This paper introduces the novel application of a FIS controller of an electric cooling system applied in enhancing historic building performance (i.e., electricity consumption and environment preservation), and presents the comparative investigation of traditional and intelligent cooling controls installed in a United Nations Educational, Scientific and Cultural Organization (UNESCO) World Heritage site building at San Antonio, TX. The ultimate goal of this comparative study is to describe the efficiency of both systems, traditional on/off and intelligent control implementing a FIS, in order to make the system more electrical energy efficient, provide a better thermal comfort for occupants and better preserve the buildings and the artwork housed in it. This paper also attempts to contribute to this field by linking historic building preservation strategies with artificial intelligence systems to control the indoor building environment.

2. Materials and Methods

2.1. Studied Church Description

The church at Mission la Purisima Concepción de Acuña is the building used in this research and it is located in San Antonio, Texas (USA). The city has a Cfa-Humid Subtropical Climate and has a Bsk-, Semi-Arid Climate bordering on the west of the city, according to Köppen classification [34], and is 240.5 m above sea level. The annual average temperature is 20.5 °C and temperatures can be as low as 11 °C in the coldest months and can reach as high as 29.5 °C during the hottest months.

Mission Concepcion was constructed in 1755 of local materials extracted from a nearby quarry. These materials included limestone, which was used for the construction of the surrounding walls of the complex. These walls stand over 6 m tall and are almost 1.50 m thick, and the only solid limestone features are the interior (60 cm) and exterior (84 cm) walls. A white lime-based plaster cover was used for the interior walls and the center of the building walls contain a rubble stone fill, along with wood framed windows and moldings with single pane glass and wood panel doors.

The church was built next to the San Antonio River as the center of a self-sustainable religious complex. The proximity to the river provided irrigation and the nearby military at the Presidio San Antonio de Bexar provided protection and safety for the site. The Mission is the oldest unrestored stone church in the United States; it became part of the San Antonio Missions National Historical Park in 1978 and has been a UNESCO World Heritage Site since 2015.

The main entrance of the church leads into the Nave, which holds 11 rows of pews that seat 5 to 6 people on each side and approaches the Chancel and the Sanctuary.

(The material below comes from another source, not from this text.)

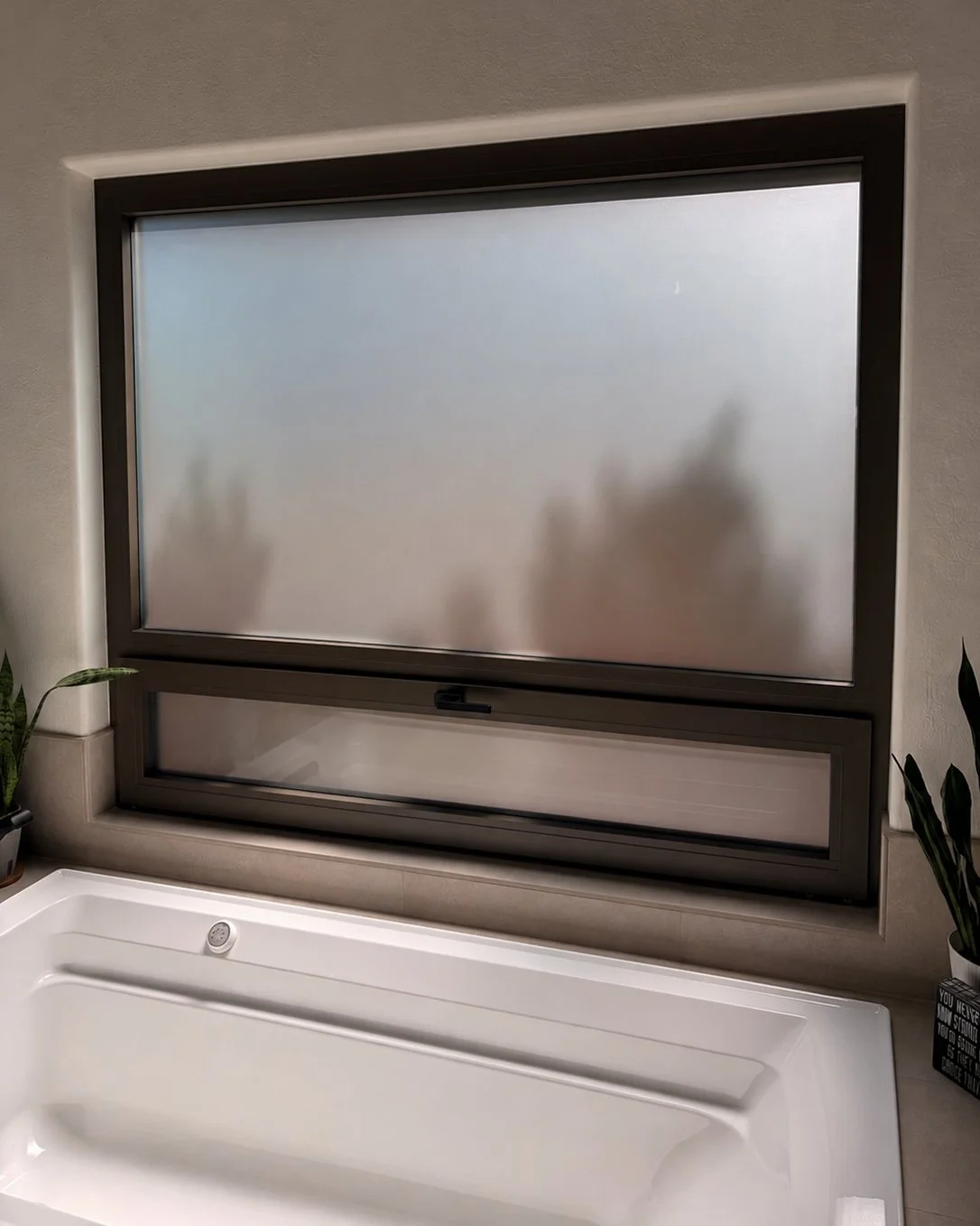  Bathroom window install by luft windows with our linear series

Directly to either side of the main entrance along the Nave are the Baptistry, located directly to the right, and the Tower Room, located directly to the left. The two bell towers are located directly above these two rooms, framing the entrance, and are each approximately 18 m tall. There is a vaulted dome ceiling in the center of the Transept and the Sacristy is located to the right of the Transept. It houses the only window on the east side of the Church and leads to the back exit/entrance of the church. There are also inoperable windows located directly above the main entrance on the west side of the church as well as in the Baptistry and in the Tower room (Figure 1).

The Church has massive infiltrations due to the very low airtightness, which allows the building to be naturally ventilated. In addition to these passive systems, there is a split system heat pump that is made of scroll air-conditioning compressor assembly, an air-cooled coil, propeller-type condenser fans, and a control box. The cooling system has a constant setpoint of 22 °C and is operated 24 h per day, 7 days a week, and conducts weekly mass services on Sundays at 10:00 and 12:00.

2.2. Environmental Monitoring

A series of data loggers were strategically placed throughout the building to monitor temperature (°C) and relative humidity (%) during the cooling season (July to October 2019). Six temperature and relative humidity indoor sensors and one temperature and relative humidity outdoor sensor were placed in planned locations according to the requirements of The American Society of Heating, Refrigerating and Air-Conditioning Engineers (ASHRAE) 55 [35] (at least 1 m away from external walls and height at least 1.10 m from the ground) and the prescriptions of ISO 7726 (2012). These sensors were located far from light fixtures and windows to avoid incorrect measurements due to the additional heat. The data loggers were also installed out of people’s reach as another precaution to prevent tampering or theft and to maintain the historic architectural and material features of the mission (Figure 2).

To obtain a wide range of indoor temperatures and relative humidity conditions, the data loggers were set to capture readings every 15 min. This also enabled the research to detect any drastic changes during the testing period of each day. Occupancy and HVAC operation rates were monitored using two and one data loggers, respectively. These devices recorded the occupancy and operation percentages in 15-min intervals as well.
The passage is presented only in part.